At a board of management meeting held immediately prior to the league's agm, 18 clubs voted in favour of the merger with the remaining four - Dublin City, Monaghan United, UCD and Waterford United - opting to abstain rather than formerly opposing the scheme under which the system of promotion and relegation will be suspended for the coming season at the end of which clubs will have to apply to join a new league.
"I think the need for change was recognised which is welcome," said league director John Byrne yesterday. "Obviously a few clubs have concerns about their own futures in the Premier Division but the basis on which the decisions regarding membership will be made is all to be decided between now and July or August.
"What we have to do is to get things right between now and then so as to ensure that the standards we adopt are fair and help to move the game here on."
The detail of the merger will now be worked on by two committees, one comprised of league representatives Paddy McCaul, Eamon Naughton and Byrne as well as John Delaney, David Blood and Michael Cody from the FAI along with Fintan Cummins of the Munster FA. The other, drawn from the clubs, contains officials from Kilkenny City, Cobh, Sligo Rovers, Derry City, Cork City and Shelbourne.
A vote to ratify Saturday's board meeting will be taken in February, most likely around the 20th, so as to allow the licensing process to be completed and fixtures to be adopted for this year after which work will intensify on finalising the precise criteria to be used for considering applications for membership of the new league.
Fans' group, the National League Supporters Association, expressed its disappointment with the outcome of Saturday's meeting. "The proposals," said the organisation's Kevin McDaid, "suggested that the FAI will decide which clubs will be in either the Premier or the First Division in 2007."

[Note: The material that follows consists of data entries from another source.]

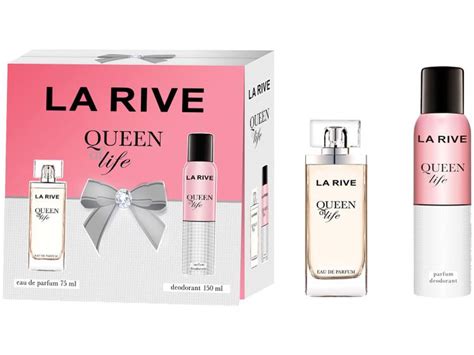 Kit Perfume La Rive Queen Of Life Feminino Eau Parfum Kit De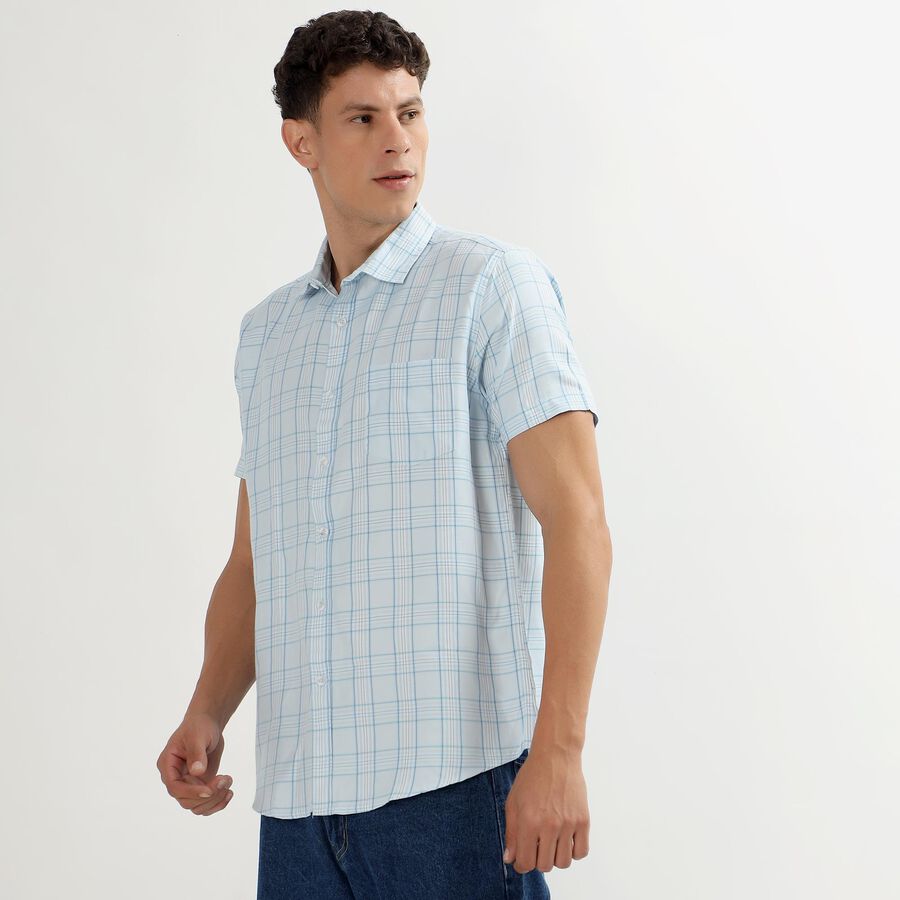 Men's Casual Shirt, Light Blue, large image number null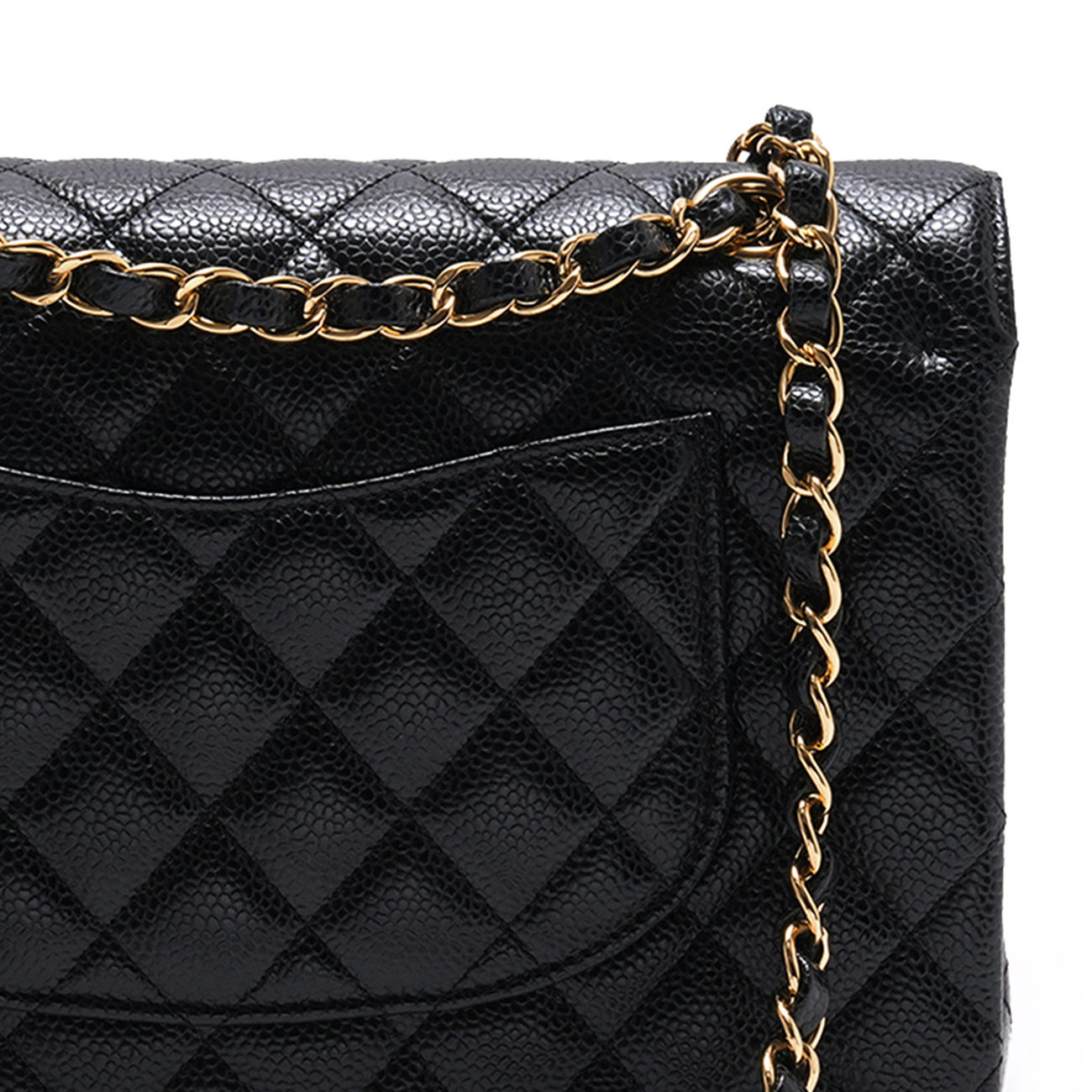 CHANEL(USED)샤넬 캐비어 클래식 미듐 플랩백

"Reports suggest that this decision will be based on arbitrary criteria such as marketability and potential, contradicting the ethos of fair sport. A club could perform well in the Premier next season and yet be relegated due to infrastructure or attendance figures.
"We acknowledge the need for facilities and off-field practices to improve," he continued, "but this is supposed to be what the FAI were to achieve through Uefa Licencing. Fans were assured that the introduction of the Uefa Licence would herald a new dawn for the league, but it appears that the licence has now been discarded. Therefore it is unsurprising that fans are far from convinced that these new proposals will provide any real benefits."

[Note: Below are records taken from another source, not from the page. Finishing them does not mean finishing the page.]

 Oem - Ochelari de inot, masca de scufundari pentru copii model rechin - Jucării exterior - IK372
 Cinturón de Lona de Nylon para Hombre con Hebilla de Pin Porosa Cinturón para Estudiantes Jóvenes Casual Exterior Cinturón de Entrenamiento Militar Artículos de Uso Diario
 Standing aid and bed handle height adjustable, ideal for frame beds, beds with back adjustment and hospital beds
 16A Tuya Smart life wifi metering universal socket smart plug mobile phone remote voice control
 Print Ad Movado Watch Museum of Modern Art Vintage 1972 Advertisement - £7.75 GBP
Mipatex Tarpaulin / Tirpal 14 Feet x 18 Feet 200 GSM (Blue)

At Saturday's agm itself, meanwhile, it was revealed that attendances for last year were up six per cent with 336,689 paying into Premier Division games and 77,405 passing through the turnstiles at First Division clubs.
"Obviously the biggest crowds were at clubs like Cork, Derry and Shelbourne (the final game of the season between Cork and Derry attracted 8,058, the campaign's largest crowd) but," observed Byrne, "there were encouraging signs elsewhere too and at clubs in the First Division."